30 Park PlaceOld rendering of 30 Park Place pre-height adjustment, image from Silverstein

New plans have been filed for Silverstein’s 30 Park Place – formerly known as 99 Church Street – and the revised documents call for a slight height increase. The Stern-designed condominium and hotel tower is now slated to rise 937 feet, which is a hair over the original 912′ version. The change in plans also comes with a rise in the number of units, which have increased from 143 to 161.

A Four Seasons Hotel will occupy the base of the tower, with 149 rooms spanning floors 6 to 22. Residences above will have a variety of configurations, but most floors will have four apartments, with half-duplex units sprinkled into the mix. Whole floor penthouses will occupy floors 64 to 66.

Despite the new permits, no activity is obvious on-site, and 30 Park Place’s lot remains fallow. The vacant pit has sat empty since the 2008 Financial Crisis, but the resumption in permit activity is definitely a sign for hope – and Silverstein has committed to getting 30 Park Place out of the ground, though there have clearly been delays. With Manhattan’s residential market extremely hot, and rival projects like 56 Leonard already rising, the market for 30 Park Place is definitely there.

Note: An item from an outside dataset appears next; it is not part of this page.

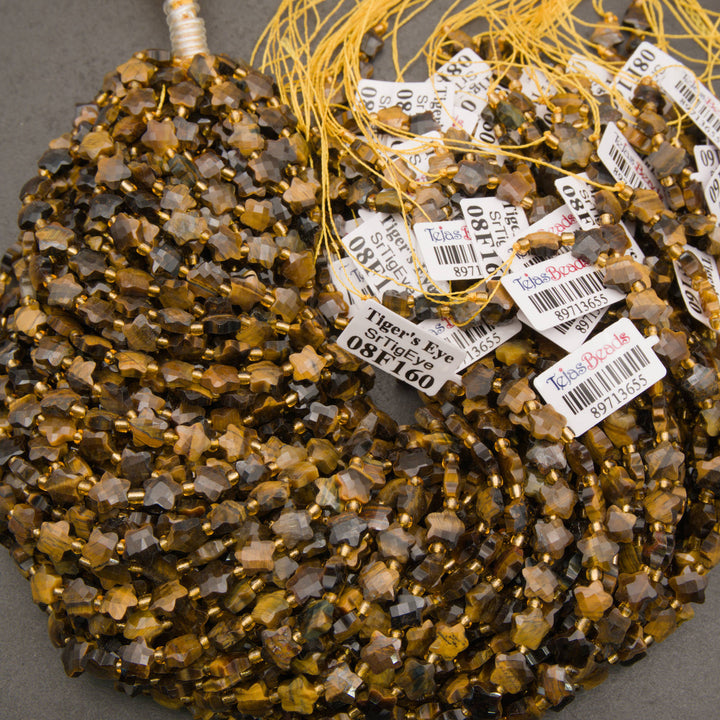 A bundle of faceted tiger's eye star bead strands with Tejas Beads tags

Designed by Stern, 30 Park Place will employ a limestone facade with Art Deco sensibilities, and will be the first notable Downtown tower built in a pre-war style since the 1930s. The Lower Manhattan skyline has gradually come to be dominated by larger boxier buildings, a movement that culminated with the original World Trade Center, but the latest trend is a definite embrace of thin, residential skyscrapers, exemplified by 99 Church, 56 Leonard, and 22 Thames Street.

The employment of Stern in creating 30 Park Place will ensure a return to pre-war sensibilities in the best location possible, as the new tower will sit adjacent to The Woolworth Building – which has also seen a residential conversion since 30 Park Place was initially proposed, further proving the demand for super-luxury units in the Downtown market.